What are the key themes you are bullish on for FY24? How do you expect the market to play out in the upcoming financial year?
For the next 5 to 10 years, we have identified 4 megatrends. Megatrends are structural changes with longer-term effects and permanent effects on the environment. Real insights can be gained from understanding megatrends in investment processes. Megatrends therefore have an impact on our investment choices, both the companies we invest in and the methods we use to identify possibilities. Megatrends are strong, revolutionary forces that affect society, industry, and the global economy, and spotting their potential influence is a critical factor in how we make investment decisions. They emerge independently of the economic cycle, and even while they may do so at a different rate and in different ways, they are all capable of changing the industrial and investment environment. The 4 larger trends are 1. Energy Transition 2. Manufacturing 3. Financialisation 4. Consumption J Curve We believe right businesses identified within this trend will provide decadal opportunities to create fabulous wealth for investors.
How important is ESG in your investment philosophy? What are the parameters you look at?
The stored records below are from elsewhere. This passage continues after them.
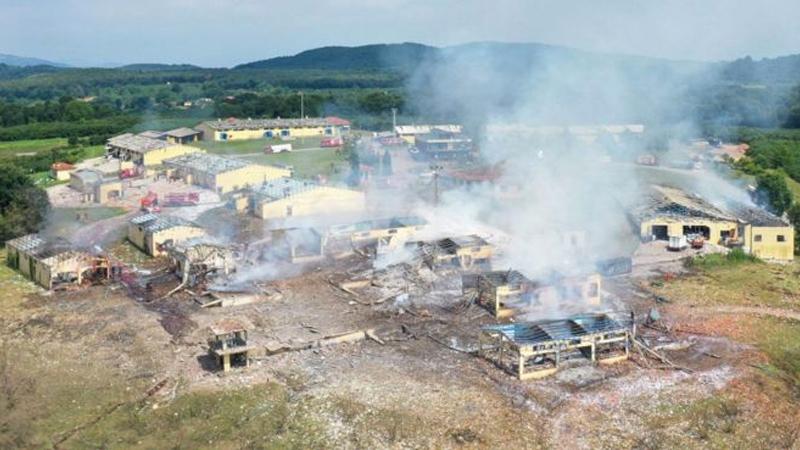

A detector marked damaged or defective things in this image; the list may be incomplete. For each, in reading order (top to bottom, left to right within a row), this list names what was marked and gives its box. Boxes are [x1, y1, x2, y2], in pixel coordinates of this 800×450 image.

burnt structure [478, 312, 636, 380] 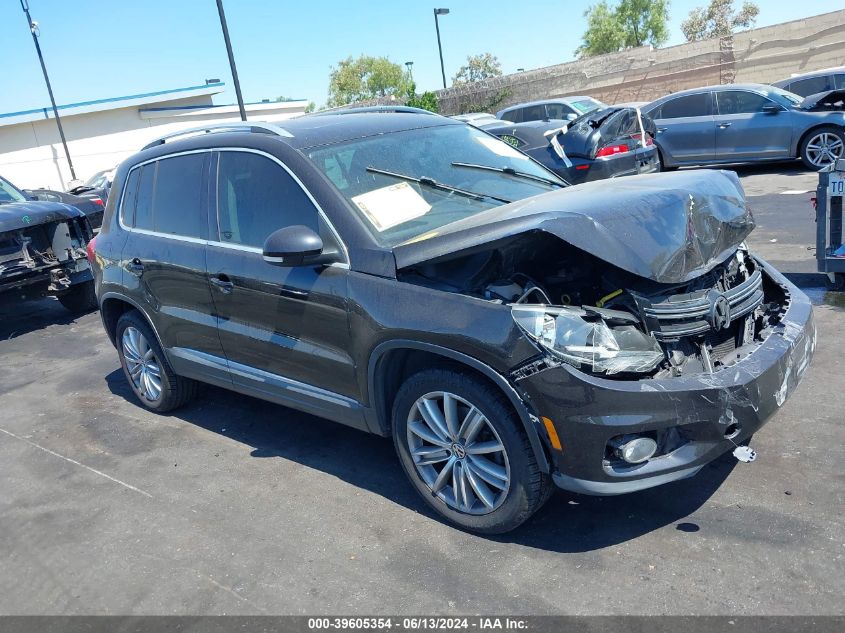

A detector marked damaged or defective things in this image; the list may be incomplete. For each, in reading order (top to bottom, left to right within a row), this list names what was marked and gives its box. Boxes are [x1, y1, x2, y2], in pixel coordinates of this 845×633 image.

crumpled hood [0, 200, 84, 232]
damaged dark suv [90, 112, 812, 532]
crumpled hood [392, 170, 756, 284]
broken headlight [508, 306, 664, 376]
torn bumper cover [512, 260, 816, 496]
front bumper damage [512, 260, 816, 496] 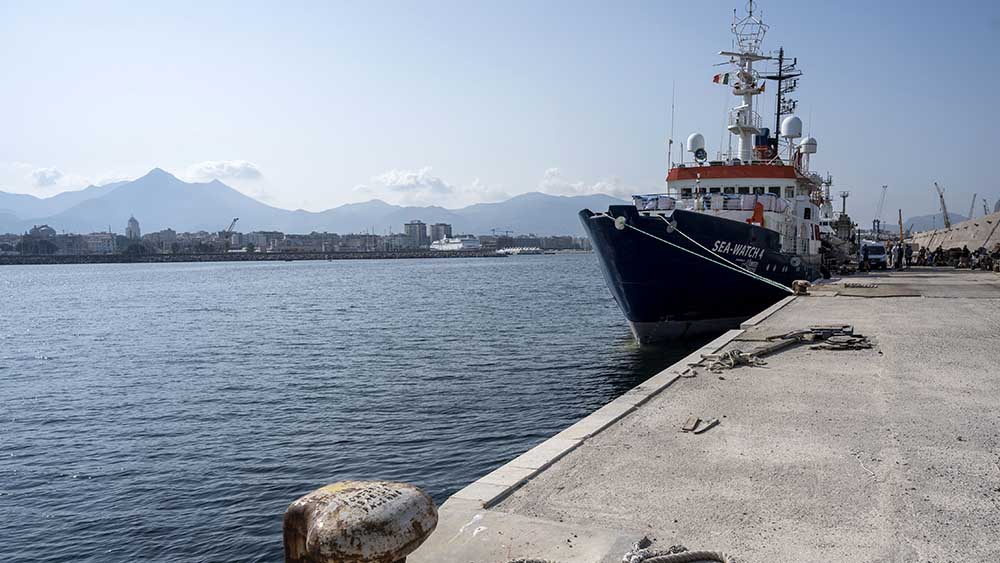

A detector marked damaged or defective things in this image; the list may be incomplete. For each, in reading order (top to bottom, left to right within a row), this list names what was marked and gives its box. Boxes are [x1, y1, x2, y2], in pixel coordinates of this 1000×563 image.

rusty mooring bollard [284, 480, 436, 563] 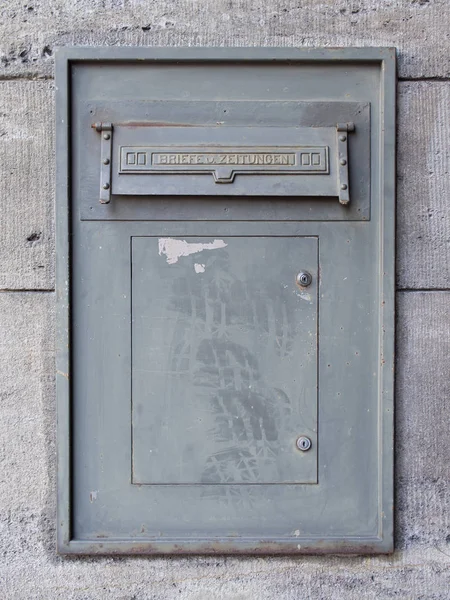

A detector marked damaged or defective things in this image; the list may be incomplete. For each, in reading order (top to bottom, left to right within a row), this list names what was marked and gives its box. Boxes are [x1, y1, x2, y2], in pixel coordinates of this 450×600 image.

peeling paint [159, 238, 229, 264]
VQ Principles – Ethos towards ESG evaluation of companies:
- Separate business construct from compliance (As some industries by design are negative ESG)
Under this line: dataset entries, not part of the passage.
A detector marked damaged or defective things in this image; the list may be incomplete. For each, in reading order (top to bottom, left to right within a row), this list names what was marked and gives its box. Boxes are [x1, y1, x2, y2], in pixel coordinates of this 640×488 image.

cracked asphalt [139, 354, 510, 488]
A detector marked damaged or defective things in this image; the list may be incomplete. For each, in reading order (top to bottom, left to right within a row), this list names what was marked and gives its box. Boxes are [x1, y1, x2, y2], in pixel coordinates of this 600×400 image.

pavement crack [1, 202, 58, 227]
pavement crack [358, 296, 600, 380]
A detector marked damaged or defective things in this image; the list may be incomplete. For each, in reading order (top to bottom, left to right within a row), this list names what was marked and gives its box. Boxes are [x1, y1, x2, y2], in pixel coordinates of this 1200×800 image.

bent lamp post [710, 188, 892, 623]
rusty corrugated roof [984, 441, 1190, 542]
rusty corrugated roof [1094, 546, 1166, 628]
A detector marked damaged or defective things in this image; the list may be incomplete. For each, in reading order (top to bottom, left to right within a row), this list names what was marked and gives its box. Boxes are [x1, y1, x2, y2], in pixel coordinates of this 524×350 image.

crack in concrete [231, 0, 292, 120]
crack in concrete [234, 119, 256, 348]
- Do independent & 360-degree evaluation of ‘focus companies’, to screen for negatives
- Lack of disclosures and structured data limits accuracy of any analysis, thus seek shades of grey vs mere black or white
- Does not rely on external scores for exclusion or inclusion, as can be misleading due to mis reporting or mis calculations
- Is seeking to benefit from mispricing arising from moral debates leading to skewed valuations on either side Key Building Block for elimination based on ESG
- Questionable behaviour towards minority shareholders or ecosystem
- Poor financial quality, reporting or complexity
- Unsustainable growth due to qualitative or quantitative factors
- Legal or compliance issues beyond financials and growth
- Practices on the ground, based on 360-degree feedback
- Institutionalization of ownership, management team and incentives alignment.
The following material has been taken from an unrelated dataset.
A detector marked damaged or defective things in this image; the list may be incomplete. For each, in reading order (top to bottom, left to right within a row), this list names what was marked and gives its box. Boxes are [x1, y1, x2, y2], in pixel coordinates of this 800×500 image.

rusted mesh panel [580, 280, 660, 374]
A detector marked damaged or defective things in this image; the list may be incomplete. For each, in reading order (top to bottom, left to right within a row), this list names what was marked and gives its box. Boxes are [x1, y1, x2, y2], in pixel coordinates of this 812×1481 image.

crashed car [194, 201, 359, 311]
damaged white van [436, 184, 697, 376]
What are your parameters you look into while investing into deep-value stocks?
We typically don't categorize equities into the growth or value paradigms because our investing criteria never alter. We avoid investing in businesses where the sole alluring factor is the valuation. Business, promoter/management, and values continue to be the major investing factors. Promoters and management, however, have much more weight in smaller enterprises in terms of importance. We use the following framework to evaluate any company's management: Integrity is assessed based on historical performance. Competency is assessed based on the capacity to manage the balance sheet during a recession, acquire market share, and increase addressable prospects. • Alignment of interest - Assessed based on stakeholder involvement, business structure, and prior behaviour with minority shareholders. The fundamental test of any management is their capacity to produce returns beyond their cost of capital over the long run.